The new TAFE Hub will have multidisciplinary, state of the art, functional and reconfigurable training and learning facilities for multi-trades and digital technology.TAFE NSW Meadowbank is being transformed into a technology-focussed campus and will sit alongside a new primary and secondary school to form the Meadowbank Education and Employment Precinct.
These new facilities will provide unique industry innovation and collaboration spaces which aim to equip the next generation of workers with advanced cross-disciplinary and digital skills that support the state’s emerging labour market needs.
In this context, TTW Structural team was responsible for the design of the new TAFE facilities. Works comprise the demolition of Block D and E buildings and their replacement with hard and soft landscaping, construction of a new Multi Trades Hub and Digital Technology Hub (MTH), the upgrade of the existing landscaped areas and central pedestrian spine and construction of a new multi-storey car park with provision for an additional two stories to be added at a later date.
The MTH has a floor area of approximately 12,000m2 and is constructed on a sloping site with stories varying between 2 and 6. Key structural features include double and triple-height industry teaching spaces enclosed by 25m long-span roof beams. Large cantilevered roof projections occur on all sides of the building and project up to 15m. A large loading dock area with a turntable designed to accommodate trucks is located to the north, whilst two 20m x 14m sandpits are located internal to the southern end of the building. Built within these sandpits are two, three-storey high steel-framed structures, which are used for the teaching of plumbing trade skills.
As part of the upgrades to campus access, TTW also designed a large atrium through the centre of the building which serves to connect See Street to the East and the main campus to the West. High-level interconnecting pedestrian bridges further aid connectivity by linking across the atrium.
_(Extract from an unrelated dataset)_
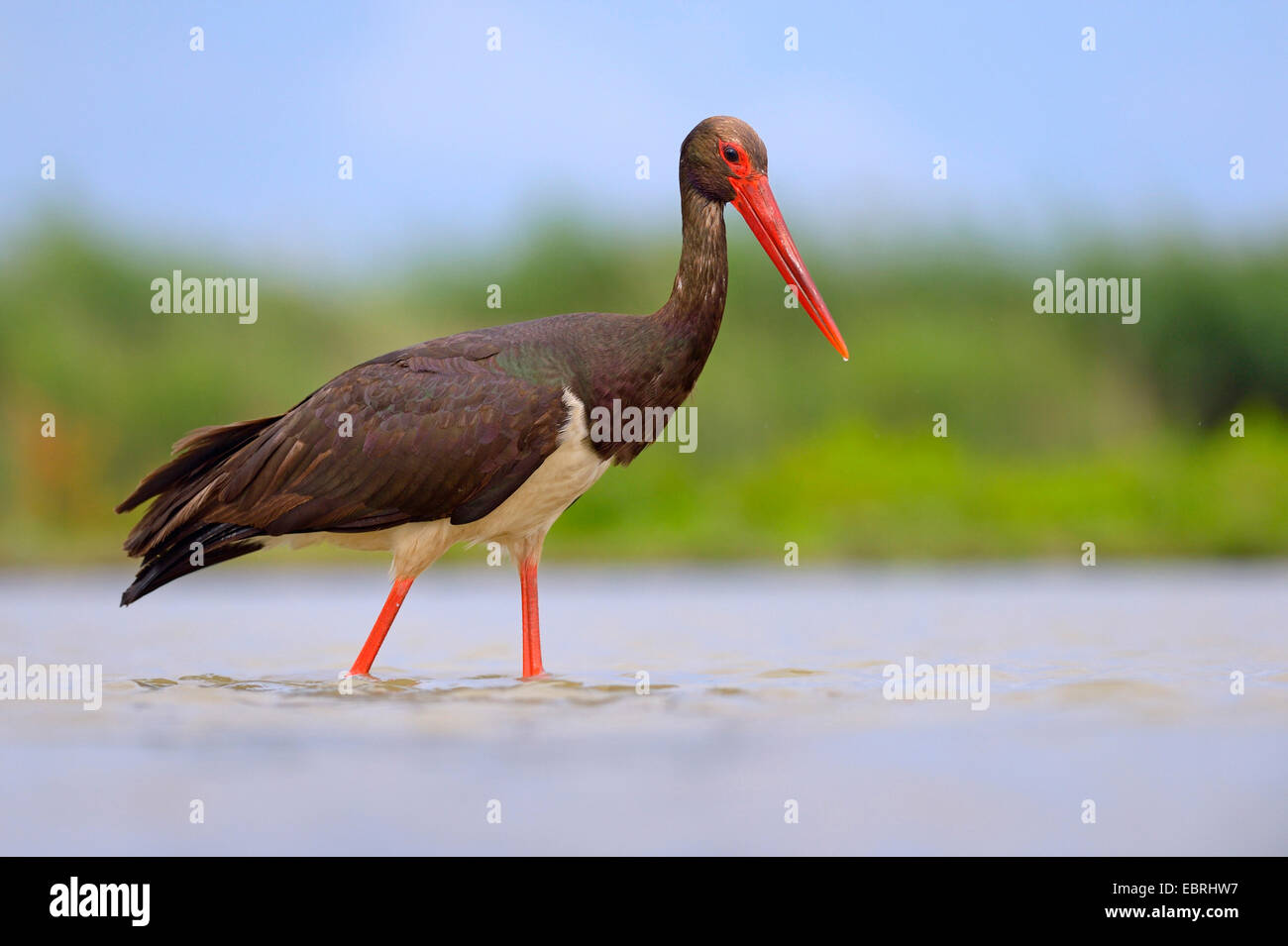 La cigogne noire (Ciconia nigra), des profils sur l'alimentation en eau, Hongrie Banque D'Images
In terms of challenges, this project requires extensive mechanical, electrical, and plumbing services to be integrated into the project and the slabs, which required extensive BIM coordination between the various members of the design team. To reduce construction costs, and optimise foundation designs, nonlinear analysis methods with compression-only bases were used. This allowed for the omission of tension piles and anchors.
Additionally, the requirement for large open spaces to the northern loading dock and the requirement to omit triple-height formwork required the integration of a long-span steel truss supporting bondek into the primary concrete frame.